The highlight of the picture is how the Ecto-1 has a gunner seat. Phoebe discovers this and starts firing at a fleeing ghost as Trevor drives wildly all over town. It’s a good scene in an otherwise boring picture that finds little else to explore.
The real crime of this picture is that the characters just don’t work. The sloppy editing and dreary dialogue leave little room to get to know and love the characters. This makes their exchanges that struggle for laughs feel all the more boring and painful to watch.
Trevor attempts to get a job at a diner to impress a girl but fails at every turn, rarely getting a moment or romance. Phoebe connects with a dorky podcaster called Podcast (Logan Kim) but their relationship feels more convenient than genuine. The romance between Callie and Gary also feels so off in connection that it’s incredibly hard to swallow their love.
It doesn’t help that there’s a slew of cameos from previous characters who worked so well. Even when saddled with such a lackluster script, there’s an essence to them that feels more genuine. Then again, it could just be my longing for the original film, which this picture constantly leads back towards.
Did You Get The Reference? Well, Did You?
By the director’s own admission, this movie is a glorified Easter Egg hunt.
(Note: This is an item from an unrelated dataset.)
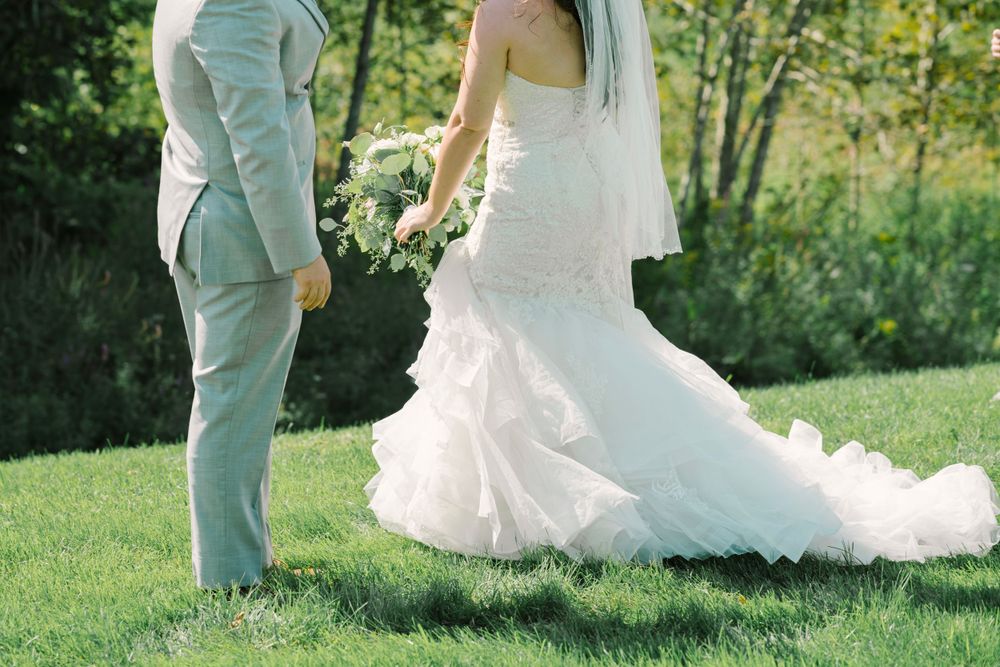 Bride and groom walking through green grass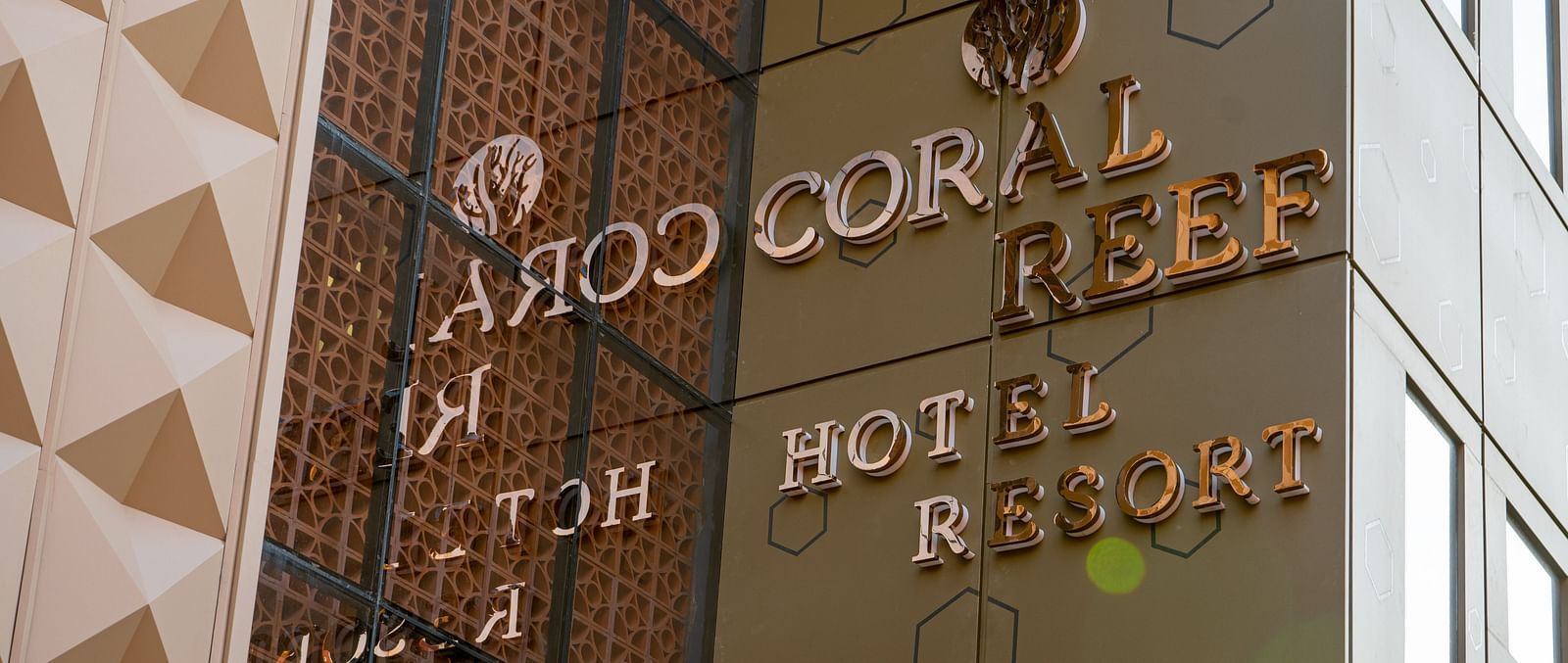 A wide view of the facade of a hotel at dusk, featuring geometric architectural patterns and vibrant signage - Coral Reef Hotel & Spa, Port Blair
I suppose it must be as that’s the only way I could ever enjoy such a picture. Think of it like a Sega CD FMV game where you need to spot the Ghostbusters reference.
The references, however, feel like lifeless citations of a Ready Player One passage. Gary is posed as the Ghostbusters dork who knows all about them. All he can say when finds the proton packs and ghost traps unearthed is to say that they look cool and little else.
The referential humor goes two ways. Either you’re watching a familiar scene with a mild twist or you’re just spotting familiar props. The film really wants the audience to get a laugh out of a Twinkie being found in the Ecto-1 without a word uttered about its placement.
The Tacky Tackling Of Ghostbusters
I still don’t care for 2016’s Ghostbusters reboot but I’m starting to retroactively appreciate it far more. Sure, it wasn’t funny and the editing was choppy. But, wow, does it have truckloads more ambition than anything that’s present in Afterlife.
Everything that Ghostbusters 2016 did terribly with the familiar characters and world is even worse in this film. If you thought the cameos in 2016 were thoughtless, you’ll be amazed how far your jaw drops at the balls Afterlife had for the finale. There’s an emotional climax meant to be heartfelt but just feels gross for how it was assembled.
Conclusion: Ghostbusters: Afterlife
This is such a depressing turn for Ghostbusters. Every fear you may have had for what this franchise will become is delivered in this picture. It offers nothing new to return, nothing original to inspire, and ultimately nothing funny or meaningful to its Amblin-style take on the movie series.
The film is just soulless. All the charm and heart of the original Ghostbusters is dead and buried. The fact that this film felt the need to dig the original out of the grave, trotting it along like a puppet, is in incredibly poor taste.
The afterlife is exactly where this Ghostbusters movie should belong. Hopefully, it can stay in its tomb and only resurrect for sales of Ecto Cooler and Ghostbusters video games. That may be the only path left of dignity for a series that just can’t find a way to stay relevant in the 21st century.
Did you see Ghostbusters: Afterlife? How does it stack up against other Ghostbusters movies? Was it better than The Eternals? Let us know in the comments below.
A tired and lifeless retread of Ghostbusters that offers nothing new or interesting for the franchise.
- Decent casting.
- Okay special effects.
- Solid adventure soundtrack.
- Little to no chemistry.
- Banks hard on nostalgia to carry the humor and story.
- Tacky usage of Ghostbusters characters.